ITV News said it is seeking answers from authorities in Hong Kong after its freelancer Wilson Li was arrested under the city’s new national security law.
The broadcaster on Monday said Mr Li was one of nine people arrested by the Hong Kong Police on suspicion of breaching the law.
Hong Kong media tycoon tycoon Jimmy Lai was also arrested on suspicion of collusion with foreign powers, his aid said, in the highest-profile use yet of the city’s new national security law.
The Prime Minister’s spokesman said the Government was “deeply concerned” over the arrest of Mr Lai and the others.
He added: “Freedom of the press is explicitly guaranteed in the Sino-British joint declaration and basic law and is supposed to be protected under article four of the national security law.

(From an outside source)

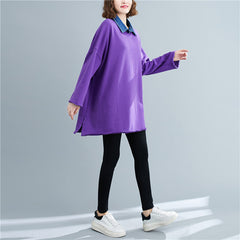 Women Splicing Pullover Casual Sweatshirt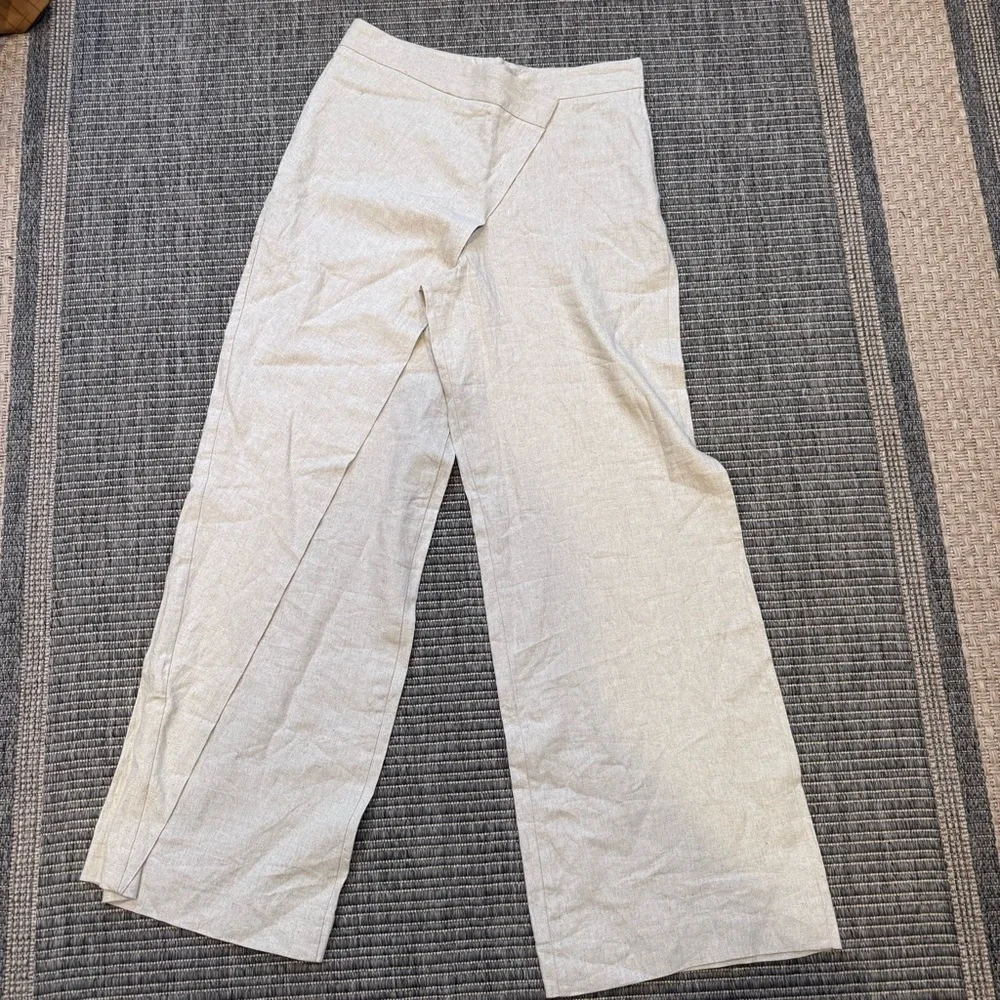 Zara Women Linen-Blend Pareo Trousers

“This is further evidence that the national security law is being used as a pretext to silence opposition.
“The Hong Kong authorities must uphold the rights and the freedoms of its people.”

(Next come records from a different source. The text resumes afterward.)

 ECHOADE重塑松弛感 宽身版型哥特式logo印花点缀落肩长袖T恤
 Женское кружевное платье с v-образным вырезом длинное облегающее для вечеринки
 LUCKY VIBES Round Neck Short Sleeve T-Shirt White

The national security law came into effect on June 30 and has been criticised as a means to curb dissent after anti-government protests rocked Hong Kong last year.
The security law outlaws secessionist, subversive and terrorist acts, as well as collusion with foreign forces in the city’s internal affairs.
The maximum punishment for serious offenders is life imprisonment.
Hong Kong police said nine people aged between 23 and 72 had been arrested on suspicion of violating the national security law.
It said that offences included “collusion with a foreign country/external elements to endanger national security”.
An ITV News spokeswoman said: “We can confirm that Wilson Li works for ITV News in a freelance capacity.
“We are concerned to hear of his arrest and are urgently seeking clarification on the circumstances.”
Mr Lai, masked and wearing a blue shirt and a light grey blazer, was led out of his mansion in Kowloon by police officers also wearing surgical masks and was taken away.
“Jimmy Lai is being arrested for collusion with foreign powers at this time,” his aide Mark Simon wrote on Twitter.
Mr Simon said that police searched both Mr Lai and his son’s home, as well as other members of media group Next Digital, which Mr Lai founded.
More than a hundred police also raided Next Digital’s headquarters in Hong Kong, entering the newsroom and searching the desks.
Next Digital operates the Apple Daily tabloid, which Mr Lai founded in 1995, ahead of Britain’s handover of Hong Kong to China.